# What you have to do
When the line with "43 Rock Creek Ln, Stuart, VA 24171 - photo 4" appears below, start repeating lines exactly, and keep going through the line with "Used 2013 Green"; add nothing outside that span.

# Source data

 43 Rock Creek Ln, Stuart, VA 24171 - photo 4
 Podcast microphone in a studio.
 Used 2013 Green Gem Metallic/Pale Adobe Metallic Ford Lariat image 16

==

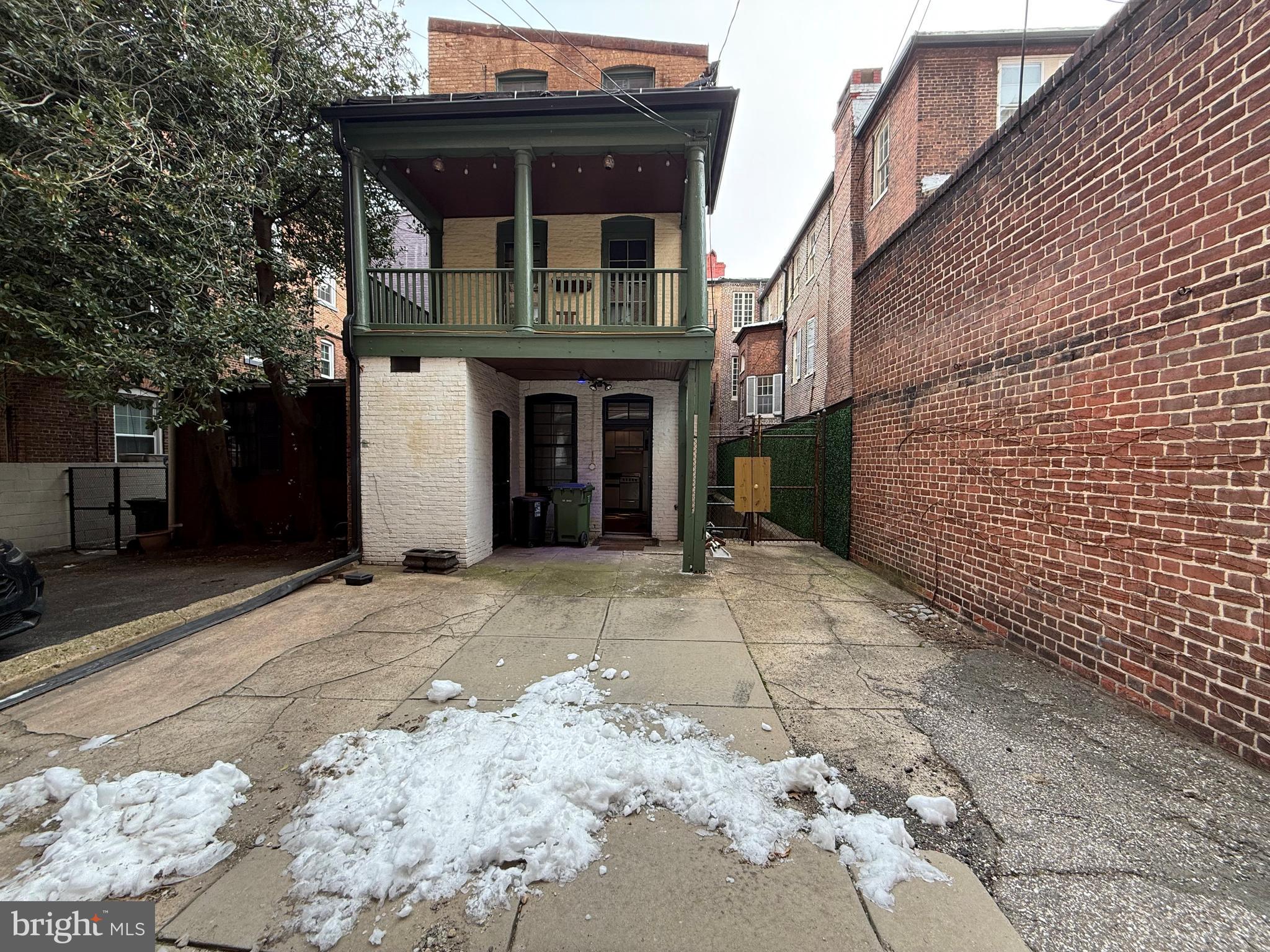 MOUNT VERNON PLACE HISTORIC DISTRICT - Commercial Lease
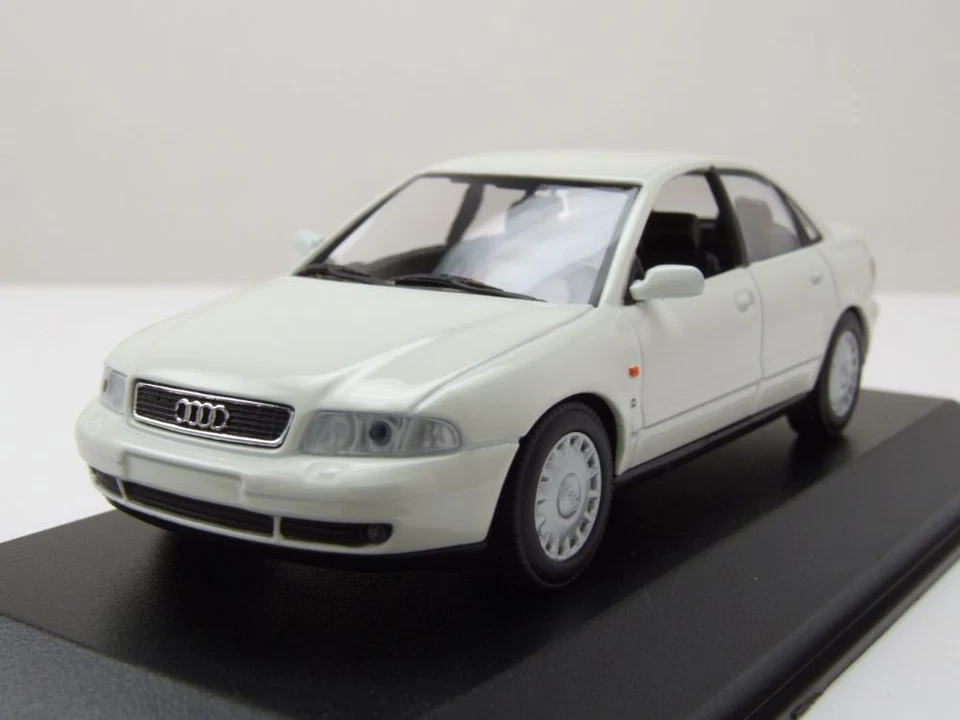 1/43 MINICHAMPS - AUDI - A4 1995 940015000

# Answer to the problem
 43 Rock Creek Ln, Stuart, VA 24171 - photo 4
 Podcast microphone in a studio.
 Used 2013 Green Gem Metallic/Pale Adobe Metallic Ford Lariat image 16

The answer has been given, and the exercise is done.